A DAUGHTER is demanding answers over the state of her dad’s grave, claiming it has been left looking like a “clay pit”.
Julie Moody, 48, says she is disgusted about Geza Horvath’s grave after flowerpots and ornaments were removed from Pitsea New Cemetery, in Basildon.
Mrs Moody also says another person has been buried too close to her dad’s grave.
It is the second time she has had to complain, as in April last year, she alleged her dad was buried in the wrong plot.
She said: “It’s absolutely disgusting and has just been one thing after another.
“When you are buried, you expect to get some respect and my father has not had that.
“We went down on Monday and couldn’t believe what we saw.
“All of his snowdrops and primroses have been removed, as well as his ornaments.
“It’s clay soil so my sister had been taking top soil to make it look better and all of that had been removed, too.

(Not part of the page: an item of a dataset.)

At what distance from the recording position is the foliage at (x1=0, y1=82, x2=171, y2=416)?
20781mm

“They have also buried another man next to my dad and there is just no space between them.
It’s turned it into a clay pit.
“We came away absolutely sickened.”
Mrs Moody, from Rugby, first complained in April when she said Mr Horvath, 78, of Basildon, was buried in the wrong plot.
Basildon Council, which runs the cemetery, has denied the claims.

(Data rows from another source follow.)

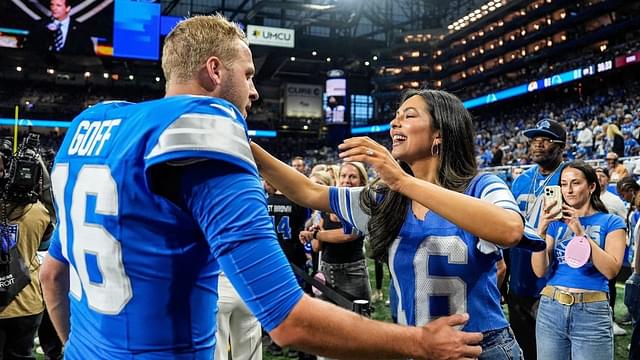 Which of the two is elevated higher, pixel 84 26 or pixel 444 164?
pixel 84 26

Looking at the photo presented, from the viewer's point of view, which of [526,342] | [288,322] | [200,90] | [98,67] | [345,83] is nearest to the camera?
[288,322]

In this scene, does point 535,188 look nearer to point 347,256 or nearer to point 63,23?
point 347,256

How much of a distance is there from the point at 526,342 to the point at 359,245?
1.81 meters

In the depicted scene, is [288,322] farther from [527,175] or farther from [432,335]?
[527,175]

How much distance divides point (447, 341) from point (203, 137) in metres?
0.78

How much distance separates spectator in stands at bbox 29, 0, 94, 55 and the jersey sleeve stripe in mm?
32867

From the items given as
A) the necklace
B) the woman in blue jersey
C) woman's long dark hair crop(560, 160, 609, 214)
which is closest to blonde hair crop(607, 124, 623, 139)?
the necklace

Mrs Moody said: “We didn’t realise at the funeral, because we were obviously distraught.
“But we asked questions and then the council finally told us in a letter what it had done, a month later.
“We’re just devastated by all of this.”
A council spokesman asked the family to get in touch to discuss their issues.
He said: “A burial took place recently near to Mr Horvath's grave and, to allow access to the new plot, some ornaments from nearby graves would have been removed and then replaced.
“We appreciate this is a sensitive issue and may cause distress.
“However, it is common practise and has to be done to allow new burials to take place.
“In terms of burying in the wrong plot, we do not allocate specific plots for new graves and would not have allocated a plot for Mr Horvath.
“The new grave has not been placed too close to nearby graves.
There is an average four foot gap between most graves at the cemetery.”